Il serait bénéfique pour David Cameron et son équipe de passer cinq minutes sur Internet à chercher le nom d’Alexandre Prokhorenko. Après avoir fait cela, s'il y a la moindre décence en lui, Cameron devrait alors prendre le premier avion pour la Russie et se jeter aux pieds de la famille de Prokhorenko, en les suppliant de le pardonner pour avoir osé insulter un homme dont l'héroïsme fait honte au Premier ministre britannique, et à la vie de confort et de privilèges qui est la seule chose qu'il a connue.
Affirmer qu’un pays est «à nouveau belligérant» parce qu’il affiche être prêt à défendre ses frontières est absurde. Le Jour de la Victoire en Russie est un fort rappel des conséquences pour le dernier envahisseur qui est venu frapper à sa porte. C’est une leçon que le peuple russe a appris non pas dans les livres d'histoire ou dans les salles de cours, mais dans le creuset d’une guerre totale. Et celui qui ne tire pas de leçon de l’histoire, comme le sait chaque être doué de sens, sera condamné à la revivre.
Quand David Cameron critique la «nouvelle belligérance» de la Russie, ce dont il parle en réalité est de «renaissance»
En parlant d'histoire : celle – récente – de la Russie comprend la disparition de l'Union soviétique. Le choc économique, social et culturel de son peuple éprouvé à la suite de sa disparition a été suffisamment lourd. La tentative de l'Occident d'exploiter cette crise en réduisant la Russie à une néo-colonie du capital financier occidental a transformé le «lourd» en criminel.
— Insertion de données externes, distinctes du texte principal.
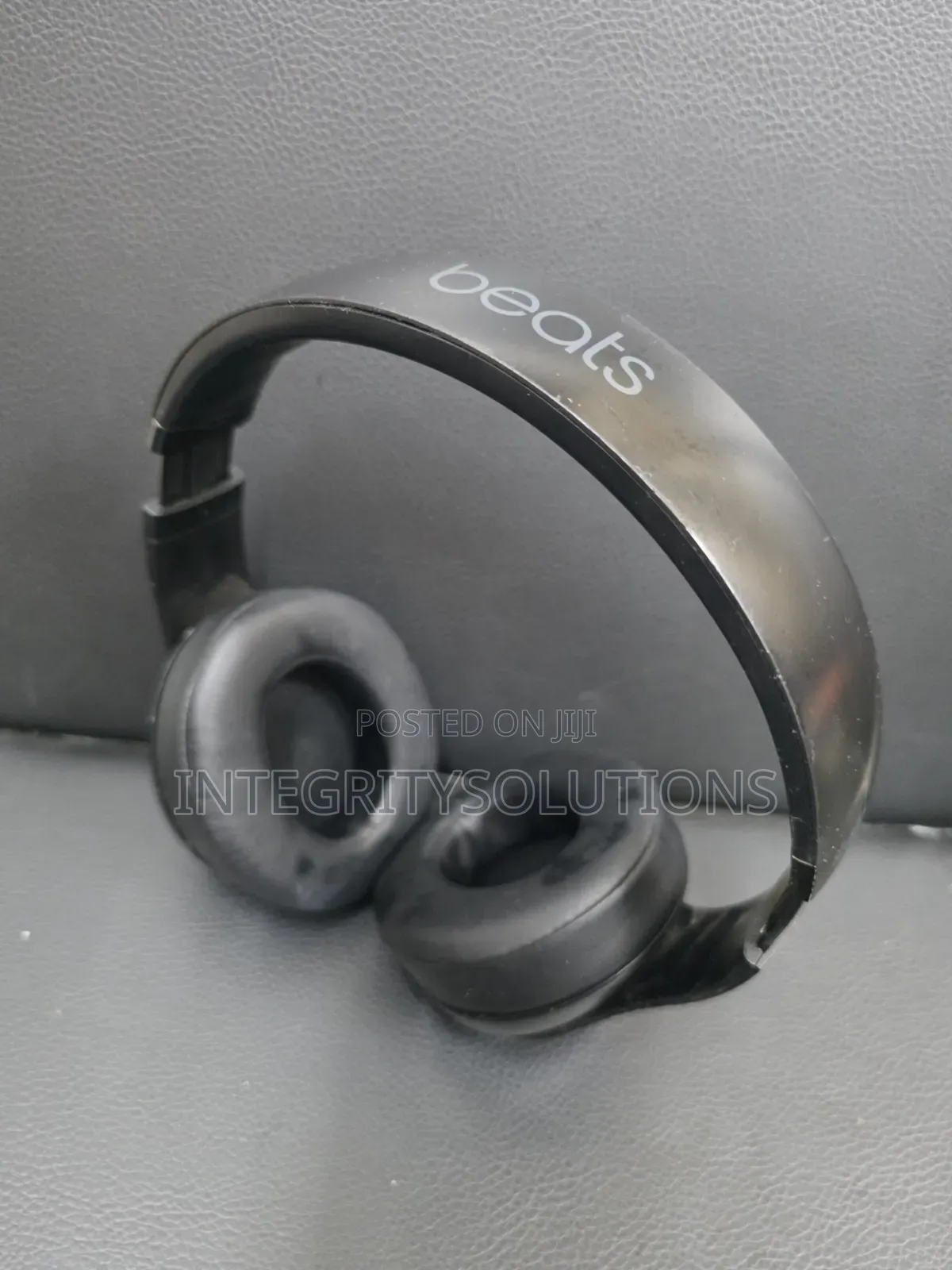 Headphone. Beat by Dr Dre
Le mensonge idéologique et triomphaliste inspirant cet effort est parfaitement encapsulé dans les mots de l'historien de l'Université de Harvard et conseiller en sécurité de l’époque de la Guerre froide, Richard Pipes. En réponse à la crise qui avait englouti la société russe, Pipes avait déclaré qu'il serait souhaitable «que la Russie continue à se désintégrer jusqu'à ce qu'il ne reste rien de ses structures institutionnelles».
David Cameron est sûr d'entrer dans l'histoire comme l'un des plus déshonorants Premiers ministres que la Grande-Bretagne ait jamais eu
La lecture de ces propos confirme aujourd'hui le sort «à la Carthagène» que les néocons américains et leurs alliés européens avaient réservé à la Russie et son peuple au début des années 1990.
Voilà pourquoi, quand David Cameron critique la «nouvelle belligérance» de la Russie, ce dont il parle en réalité est de «renaissance». Et quand il essaye d’assimiler la Russie avec Daesh, en vérité il ne fait que projeter l'incapacité de son propre gouvernement à mettre fin à la marche victorieuse de ce culte de la mort sur le seul pays hors du Moyen-Orient qui a su le faire.
Personne ne sait comment le peuple britannique va voter quand il se rendra en juin aux urnes lors du référendum sur la question de l’adhésion du pays à l'UE. Toutefois, ce que nous pouvons dire sans craindre la contradiction, c’est que, quel que soit le résultat – «sortir» ou «rester» - David Cameron est sûr d'entrer dans l'histoire comme l'un des plus déshonorants Premiers ministres que la Grande-Bretagne ait jamais eu.
Etant donné le nombre de candidats dans cette catégorie, ça n’est pas là un petit exploit.